So, we came up with two possible approaches to solve this issue:
1. Make CyclicBuffer smarter, replacing .removeAll() with .removeTo(T item). This would allow SMTPManager to only remove events up to the triggering event, leaving anything appended after in the buffer. However, this has a couple issues:
a. Empty or nonsensical emails (not containing the target event) could still occur, if the CyclicBuffer is too small, and more events are written to the buffer between the .isFiltered call and the .append call.
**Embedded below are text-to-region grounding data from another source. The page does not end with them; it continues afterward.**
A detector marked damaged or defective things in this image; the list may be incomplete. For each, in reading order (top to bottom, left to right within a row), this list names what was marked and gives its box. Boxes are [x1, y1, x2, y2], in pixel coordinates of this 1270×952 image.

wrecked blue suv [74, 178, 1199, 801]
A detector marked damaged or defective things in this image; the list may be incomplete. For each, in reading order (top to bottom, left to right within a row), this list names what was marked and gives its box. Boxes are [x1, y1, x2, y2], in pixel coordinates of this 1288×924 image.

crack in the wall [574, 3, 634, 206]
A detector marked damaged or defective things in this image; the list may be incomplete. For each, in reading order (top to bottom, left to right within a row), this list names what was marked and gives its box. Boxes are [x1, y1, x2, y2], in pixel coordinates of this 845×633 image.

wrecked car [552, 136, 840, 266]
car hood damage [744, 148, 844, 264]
This is actually an issue with the current implementation as well.
b. Log4jLogEvent would need to (at a minimum) implement a .equals method, so we can actually find the target event in the CyclicBuffer. I'm not sure if .equals was omitted purposefully.
b. The .removeTo code would be a bit more complex than the current .removeAll implementation.
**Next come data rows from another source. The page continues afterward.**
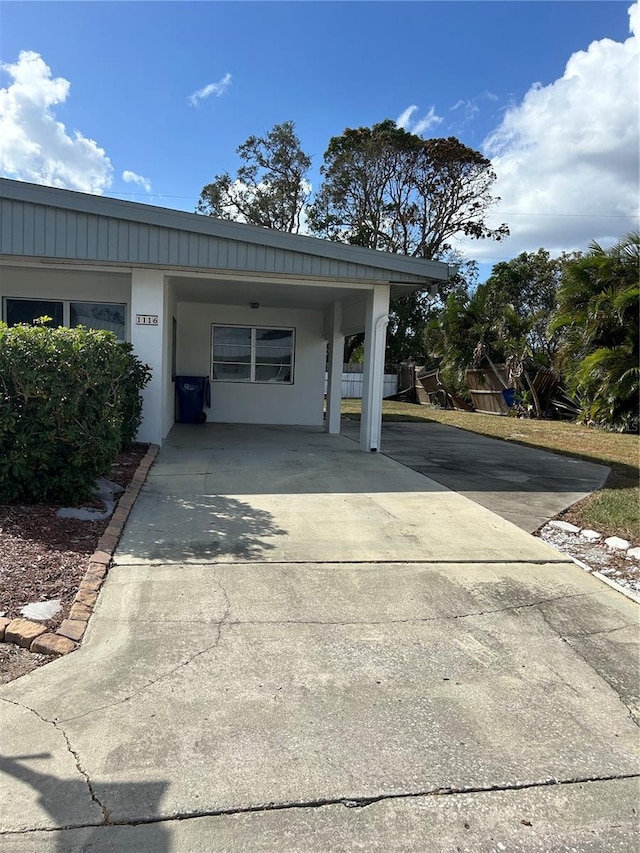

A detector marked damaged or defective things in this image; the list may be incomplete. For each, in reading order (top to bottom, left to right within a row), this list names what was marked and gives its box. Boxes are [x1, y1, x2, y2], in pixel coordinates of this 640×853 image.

crack in concrete [57, 572, 232, 724]
crack in concrete [0, 696, 110, 824]
crack in concrete [1, 768, 640, 836]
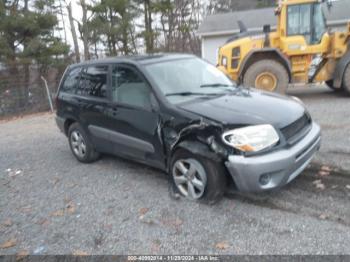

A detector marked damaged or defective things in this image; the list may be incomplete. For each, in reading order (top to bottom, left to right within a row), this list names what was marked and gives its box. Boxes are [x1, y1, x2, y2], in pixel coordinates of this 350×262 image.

damaged black suv [56, 53, 322, 203]
dented hood [178, 89, 306, 129]
broken headlight [223, 125, 280, 152]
2. Don't append non-filtered items in the .isFiltered method; instead, wait and append them to the buffer just before the current .removeAll call. This would ensure that at least the triggering event is reported. However, this also has an issue: Currently, CyclicBuffer claims to be thread-safe, as all mutating methods are synchronized. As .add would be called just before .removeAll, the calling code in SMTPManager would need to instead hold a synchronization lock (similar to my previous bad patch for this issue). Alternatively, .removeAll() could become an atomic .removeAllAndInclude(T item), preserving the thread-safety of CyclicBuffer, at the cost of some reusability of the class (the method doesn't seem to make sense for general use cases).
I've done a proof of concept with #2, which only required changing a few lines in a couple files. I did not yet make an atomic .removeAllAndInclude, but could if this alternative is desired.